No n.º 1 do artigo 3 deste diploma estabelecem-se diversos conceitos operativos, definindo-se, na alínea b) que o “Acidente em serviço” consiste no “acidente de trabalho que se verifique no decurso da prestação de trabalho pelos trabalhadores da Administração Pública”, esclarecendo-se no artigo 7/1 que “acidente em serviço é todo o que ocorre nas circunstâncias em que se verifica o acidente de trabalho, nos termos do regime geral, incluindo o ocorrido no trajecto de ida e de regresso para e do local de trabalho”.
No Capítulo IV do referido D.L. n.º 503/99, de 20 de novembro estabelecem-se os termos de responsabilidade da Caixa Geral de Aposentações.
Assim, se do acidente em serviço ou da doença profissional resultar incapacidade permanente ou morte, haverá direito às pensões e outras prestações previstas no regime geral, as quais serão atribuídas e pagas pela Caixa Geral de Aposentações, regulando-se pelo regime nele referido quanto às condições de atribuição, aos beneficiários, ao montante e à fruição, sendo que no cálculo das pensões é considerada a remuneração sujeita a desconto para o respectivo regime de segurança social (cfr. artigo 34.º, n.ºs. 1, 4 e 5).

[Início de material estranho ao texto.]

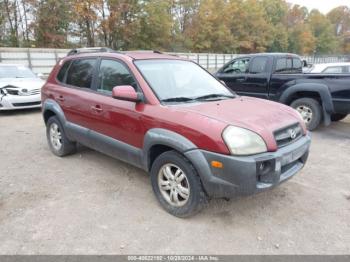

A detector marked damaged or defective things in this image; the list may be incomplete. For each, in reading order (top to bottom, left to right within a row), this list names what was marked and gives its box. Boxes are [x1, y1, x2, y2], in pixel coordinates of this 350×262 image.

damaged vehicle [0, 64, 44, 110]
damaged vehicle [41, 48, 312, 217] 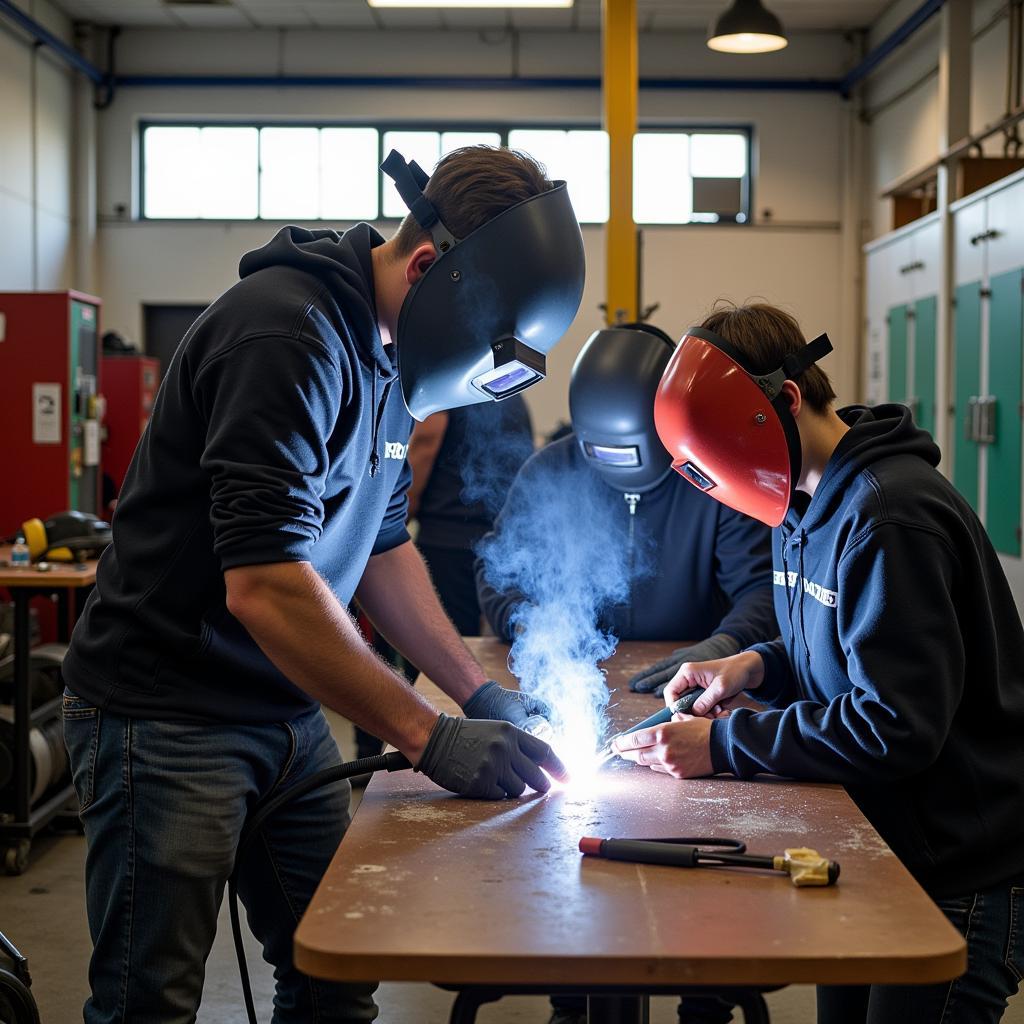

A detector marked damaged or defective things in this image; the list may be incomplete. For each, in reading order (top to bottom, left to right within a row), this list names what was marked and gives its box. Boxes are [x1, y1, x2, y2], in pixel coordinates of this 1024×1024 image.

rusty table surface [292, 634, 962, 987] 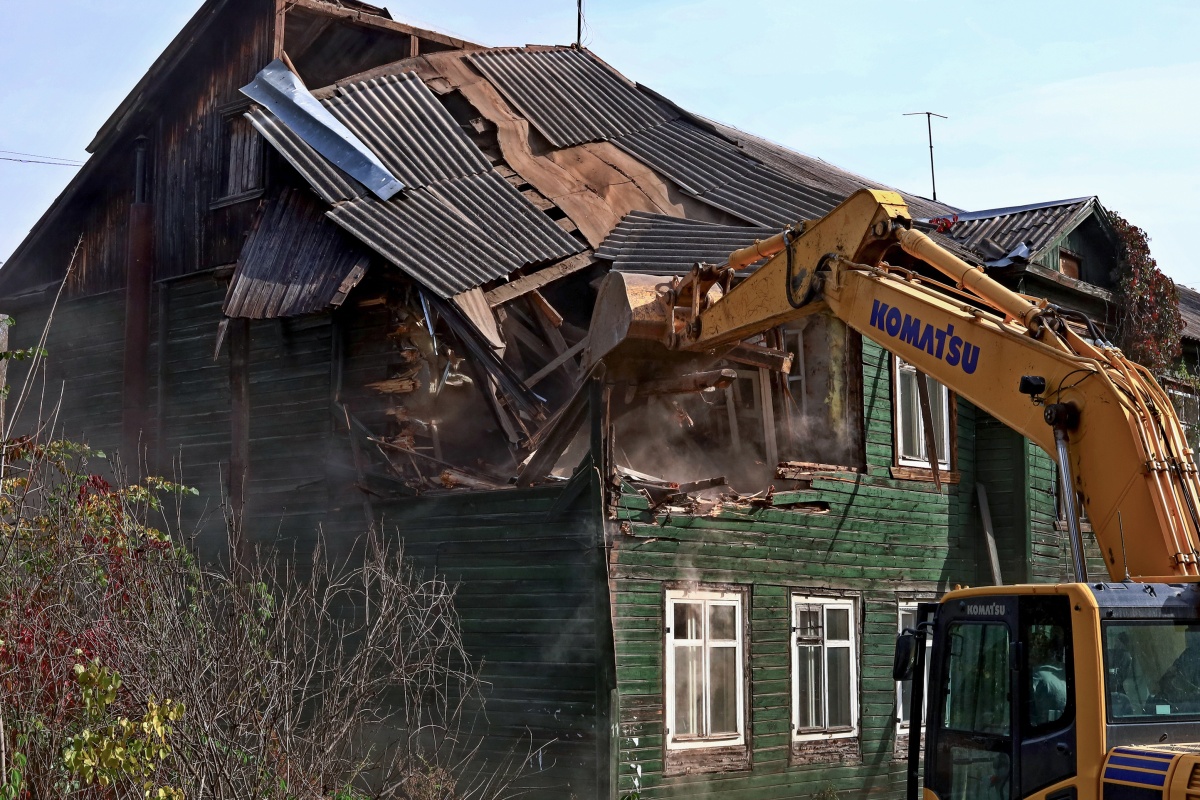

Nos termos do artigo 38.º, n.º 1, do D.L. n.º 503/99, a confirmação e a graduação da incapacidade permanente é da competência da junta médica da Caixa Geral de Aposentações, sendo que, no caso de acidente em serviço, a aferição será efetuada por um médico da Caixa Geral de Aposentações, que preside, um perito médico-legal e um médico da escolha do sinistrado, procedendo-se à determinação das incapacidades permanentes de acordo com a Tabela Nacional de Incapacidades por Acidentes de Trabalho e Doenças Profissionais (n.º 5 do mesmo artigo).
Conforme decorre do n.º 1 do artigo 41.º do mesmo diploma legal, as prestações periódicas por incapacidade permanente não são acumuláveis: a) Com remuneração correspondente ao exercício da mesma atividade, em caso de incapacidade permanente absoluta resultante de acidente ou doença profissional; b) Com a parcela da remuneração correspondente à percentagem de redução permanente da capacidade geral de ganho do trabalhador, em caso de incapacidade parcial inferior a 30 /prct., resultante de acidente ou doença profissional; c) Com remuneração correspondente a actividade exercida em condições de exposição ao mesmo risco, sempre que esta possa contribuir para o aumento de incapacidade já adquirida.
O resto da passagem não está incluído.